Lesedauer: 10 Minuten

Wurden Kinder früher an die Gesellschaft angepasst, sollen sie heute selbstbestimmt aufwachsen. Auch in einer partnerschaftlichen Erziehung braucht es aber Regeln und Grenzen. Wir zeigen Ihnen, wie Eltern dieser Balanceakt gelingt.

Text: Birgit Weidt
Bilder: Vera Hartmann / 13 Photo

Die dritte Schüssel Glace, der vierte Beutel Brausepulver, eine weitere Stunde am Computer, und noch eine Freundin zum Geburtstag einladen, obwohl die Runde schon voll ist. «Kinder sind wie Flüssigkeiten, sie breiten sich aus, bis sie auf Widerstand treffen», stellte die ­Zürcher Autorin Andrea Fischer Schulthess einmal fest. Ja, Heranwachsende möchten ausprobieren, wie weit ihr Radius reicht.

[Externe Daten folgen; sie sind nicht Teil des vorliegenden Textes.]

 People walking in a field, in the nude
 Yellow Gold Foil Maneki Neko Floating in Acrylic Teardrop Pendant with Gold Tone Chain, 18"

Sie lernen dabei, was geht und was nicht. Das ist wichtig, um sich weiterzuentwickeln, eigenständig zu werden und sich Schritt für Schritt in unserer komplexen Welt zurechtzufinden. Die Aufgabe von Müttern und Vätern ist es, an der Seite ihrer Kinder Verantwortung zu übernehmen – was unter anderem bedeutet, Regeln aufzustellen und Grenzen zu ziehen.

Kinder wollen ausprobieren, wie weit ihr Radius reicht. Sie lernen dabei, was geht und was nicht.

Das sind keine neuen Erkenntnisse, dennoch hat sich diesbezüglich vieles verändert, haben sich «Stoppschilder» in den letzten Jahrzehnten verschoben: Die Weitergabe gesellschaftlicher Werte wie Gehorsam, Pflicht und Benehmen stehen nicht mehr im Mittelpunkt der Erziehung.

Sie waren die Eckpfeiler jener Pä­dagogik, die Grenzen setzen mit Einschränkung, elterlicher Macht, Kontrolle und Bestrafung gleichgesetzt hat.

Vor etwa 100 Jahren war dieser autoritäre Erziehungsstil verbreitet und die meisten Kinder wurden streng erzogen, ohne Mitspracherecht. Das hatte viele negative Auswirkungen auf die Heranwachsenden, denn durch die generalisierten, strikten Regeln und Vorgaben litten die Individualität und das Selbstwertgefühl der Kinder.

Als Gegenbewegung folgte Ende der 1960er-Jahre die antiautoritäre Erziehung, auch als Laisser-faire-Erziehung bezeichnet. Kinder sollten frei von starren Zwängen eigene Entscheidungen treffen und ihren Wünschen und Bedürfnissen nachgehen.

Der neunjährige Diago Aellig hat viele Freiheiten, aber auch feste Regeln im Alltag.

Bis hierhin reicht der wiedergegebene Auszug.